Following an American request, Israel changed its policy on Tuesday and joined more than 40 member countries of the United Nations Human Rights Council in Geneva who urged China to allow the UN human rights chief immediate access to Xinjiang, an autonomous region of the PRC in the northwest of the country, to look into reports that more than one million people have been unlawfully detained there, and subjected to torture and forced labor.
This reporter was wondering about the fact that Israel supported the call on China to allow UN investigators into its faraway region, seeing as Israel has walked out and slammed the door on the UNHRC several years ago, so I called the Foreign Ministry and was told that Israel has held on to its observer status in the agency, and as such was permitted to add its vote.
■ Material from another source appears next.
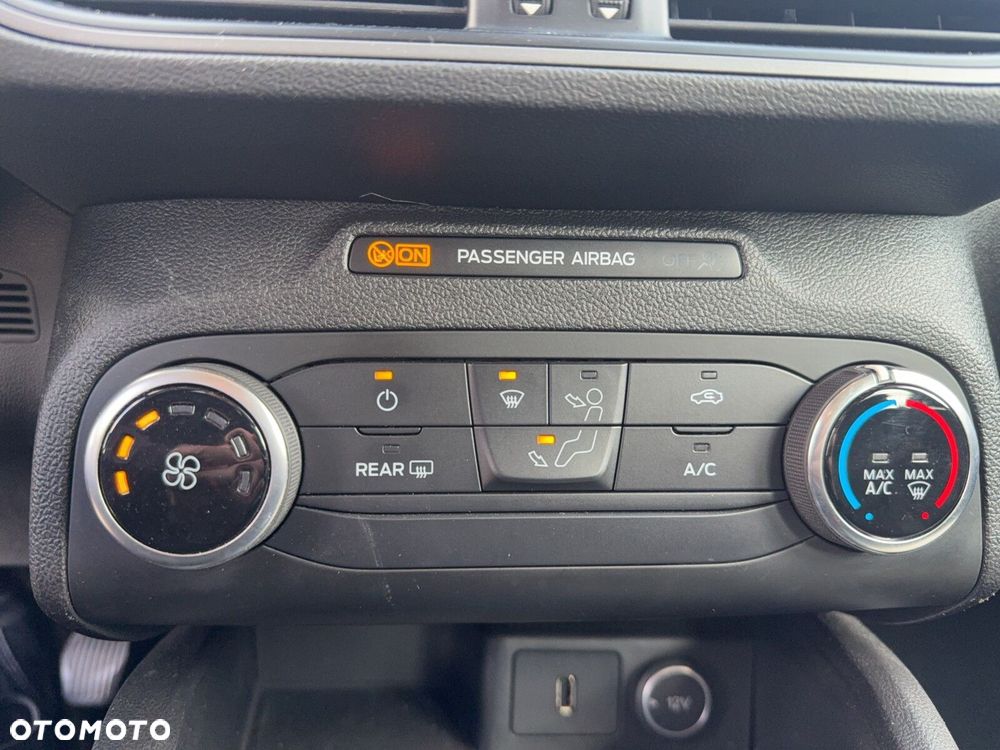 Ford Focus 1.0 EcoBoost Trend - 17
The joint statement on China was read out by its initiator, Canadian Ambassador Leslie Norton: “Credible reports indicate that over a million people have been arbitrarily detained in Xinjiang and that there is widespread surveillance disproportionately targeting Uyghurs and members of other minorities and restrictions on fundamental freedoms and Uyghur culture.” Norton cited reports of torture, forced sterilization, sexual violence, and forced separation of children from their parents.
China denied all the allegations of abuse of the Uyghurs and insisted those camps are “vocational training facilities to combat religious extremism.” North Vietnam used to call them “reeducation camps.” The program ostensibly works you to death and starves you to death until you realize the errors of your silly religious extremism. In the end, you either die or abandon your faith – either one is fine.
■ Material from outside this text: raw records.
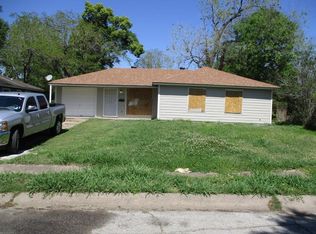 5915 Ridgeway Dr, Houston, TX 77033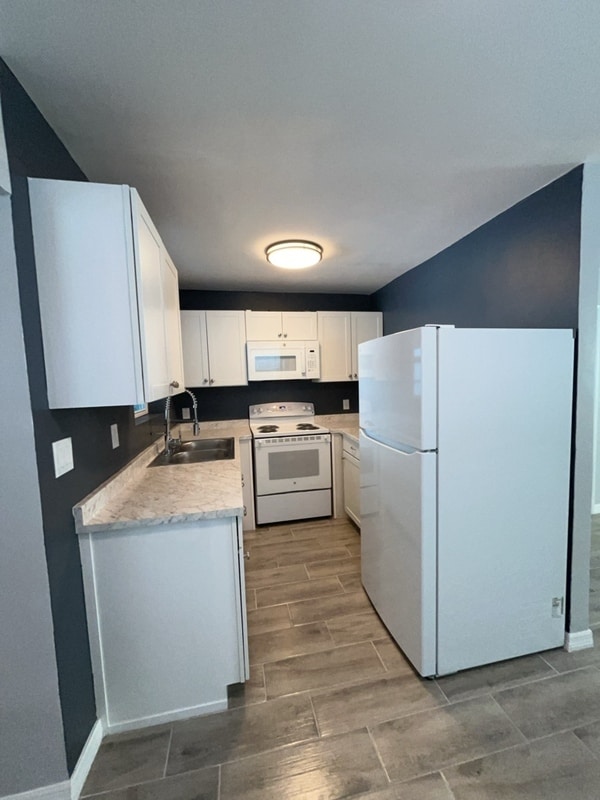 Building Photo - 561 Raleigh St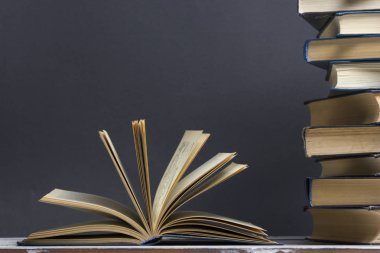 Açık kitap, ahşap masadaki ciltli kitaplar. Okula dönelim. Boşluğu kopyala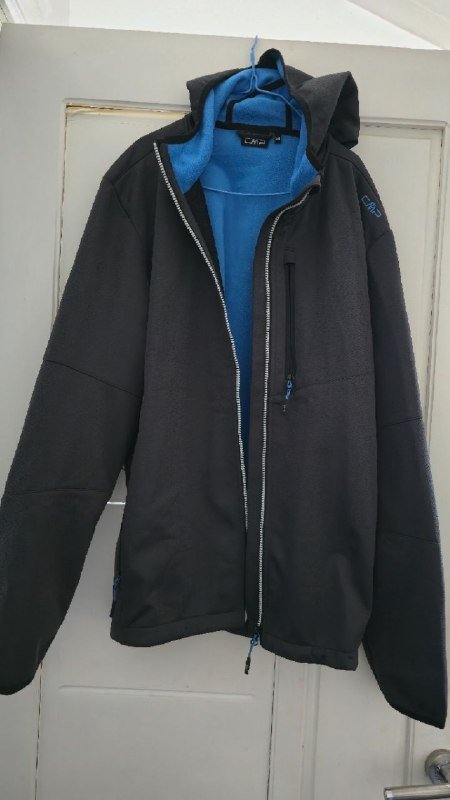 Куртка новая размер 56 весна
The Uyghurs are a Turkic ethnic group originating from Central and East Asia and are recognized by the Chinese government as a regional minority as the “so-called people of Xinjiang.” The Uyghurs become Muslim between the 10th and 16th centuries, and Islam has since played an important role in Uyghur culture and identity. Nowadays Islam is also driving the strong-handed policy of China’s central government.
Israel’s vote may mark a change in policy under the new government and the new Foreign Minister Yair Lapid (Yesh Atid), as in recent years Israel has refrained from criticizing China on human rights issues, let alone support moves against China in the OHCHR, which has been attacking Israel on a variety of issues over the past decade, resulting in both Israel and the US giving up their membership in the group. Former Prime Minister Benjamin Netanyahu also bolstered relations with China and welcomed its intrusion into Israel’s economy, despite requests to the contrary from the Trump administration.
Jiang Yingfeng, a senior diplomat at China’s mission to the OHCHR in Geneva, claimed the Canadian statement was interference driven by “political motives.” He added: “We welcome the visit by the High Commissioner to China, to Xinjiang,” but qualified: “This visit is for promoting exchanges and cooperation rather than an investigation based on the so-called presumption of guilt.”